Melanochromis lepidiadaptes

Melanochromis lepidiadaptes is een kleurrijke, matig agressieve cichlide uit het Malawimeer. Ideaal voor grote aquaria met rotsachtige schuilplaatsen.

()

Melanochromis lepidiadaptes

Melanochromis lepidiadaptes werd voor het eerst beschreven door Bowers en Stauffer in 1997. De geslachtsnaam Melanochromis komt uit het Grieks, waarbij “melano” staat voor zwart en “chromis” al werd genoemd door Aristoteles en mogelijk is afgeleid van het woord “Chroemo” wat hinneken betekent.

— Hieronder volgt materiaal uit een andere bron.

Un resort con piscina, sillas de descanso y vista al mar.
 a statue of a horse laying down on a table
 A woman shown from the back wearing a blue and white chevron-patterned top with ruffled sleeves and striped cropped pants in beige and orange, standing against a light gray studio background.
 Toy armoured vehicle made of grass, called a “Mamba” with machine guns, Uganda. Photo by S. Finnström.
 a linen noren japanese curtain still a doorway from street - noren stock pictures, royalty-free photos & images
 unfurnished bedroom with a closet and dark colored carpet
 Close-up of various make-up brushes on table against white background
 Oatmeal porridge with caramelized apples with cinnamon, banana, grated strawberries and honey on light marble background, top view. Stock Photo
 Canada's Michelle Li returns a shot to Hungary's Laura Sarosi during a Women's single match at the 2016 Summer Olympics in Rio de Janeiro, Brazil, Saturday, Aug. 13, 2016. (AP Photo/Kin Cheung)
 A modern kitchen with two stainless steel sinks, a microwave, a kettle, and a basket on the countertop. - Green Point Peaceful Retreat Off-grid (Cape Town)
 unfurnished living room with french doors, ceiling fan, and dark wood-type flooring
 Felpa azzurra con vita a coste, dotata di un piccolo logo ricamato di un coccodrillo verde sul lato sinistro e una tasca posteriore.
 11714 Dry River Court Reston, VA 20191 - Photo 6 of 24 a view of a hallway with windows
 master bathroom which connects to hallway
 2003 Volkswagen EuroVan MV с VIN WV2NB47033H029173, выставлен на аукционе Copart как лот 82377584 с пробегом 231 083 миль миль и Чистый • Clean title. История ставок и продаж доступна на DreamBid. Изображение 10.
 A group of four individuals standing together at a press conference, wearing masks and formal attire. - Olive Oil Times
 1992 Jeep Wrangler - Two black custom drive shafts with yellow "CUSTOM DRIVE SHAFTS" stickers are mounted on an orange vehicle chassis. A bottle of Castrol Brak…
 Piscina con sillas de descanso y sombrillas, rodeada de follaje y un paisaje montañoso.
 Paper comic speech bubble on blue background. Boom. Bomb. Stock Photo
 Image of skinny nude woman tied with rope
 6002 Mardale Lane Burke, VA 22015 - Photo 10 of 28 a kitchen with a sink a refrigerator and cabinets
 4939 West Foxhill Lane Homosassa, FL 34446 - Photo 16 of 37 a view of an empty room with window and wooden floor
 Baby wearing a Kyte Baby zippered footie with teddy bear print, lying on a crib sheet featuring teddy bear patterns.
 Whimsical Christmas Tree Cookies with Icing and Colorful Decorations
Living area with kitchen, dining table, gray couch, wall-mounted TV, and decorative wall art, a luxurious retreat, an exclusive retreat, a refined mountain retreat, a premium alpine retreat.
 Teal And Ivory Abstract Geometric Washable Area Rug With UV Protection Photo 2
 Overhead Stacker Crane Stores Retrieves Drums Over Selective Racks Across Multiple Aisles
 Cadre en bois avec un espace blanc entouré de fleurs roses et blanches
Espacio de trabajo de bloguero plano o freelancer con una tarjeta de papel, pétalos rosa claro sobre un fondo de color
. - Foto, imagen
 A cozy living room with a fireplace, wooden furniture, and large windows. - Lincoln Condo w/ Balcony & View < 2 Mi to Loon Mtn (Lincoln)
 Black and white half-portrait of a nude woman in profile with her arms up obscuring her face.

Het is een verwijzing naar een trommel wat weer verwijst naar het vermogen om geluid te maken. Chromis is later gebruikt voor een grote groep vissen waaronder cichliden, juffers, lipvissen etc. Voorheen dacht men dat al deze baarsachtigen aan elkaar verwant waren. Deze naam wordt vaak gebruikt in de namen van de Afrikaanse geslachten.

De soortnaam lepidiadaptes komt ook uit het Grieks, waarbij “lepis” betekent schub en “diadaptos” betekent scheuren of trekken. Dit verwijst naar de eetgewoonte van deze vis, namelijk het eten van schubben van andere vissen.

Synoniemen: Melanochromis lepidophage.

Beschrijving

Melanochromis lepidiadaptes heeft een gestrekt en zijdelings samengedrukt lichaam. De kop en de flank van deze vis zijn hemelsblauw gekleurd. Het dorsale gedeelte van het lichaam, vanaf de kiewdeksel tot het einde van de rugvin, heeft een iriserende goudgroene gloed. Op de kiewdeksels bevindt zich een prominent zichtbare zwarte vlek.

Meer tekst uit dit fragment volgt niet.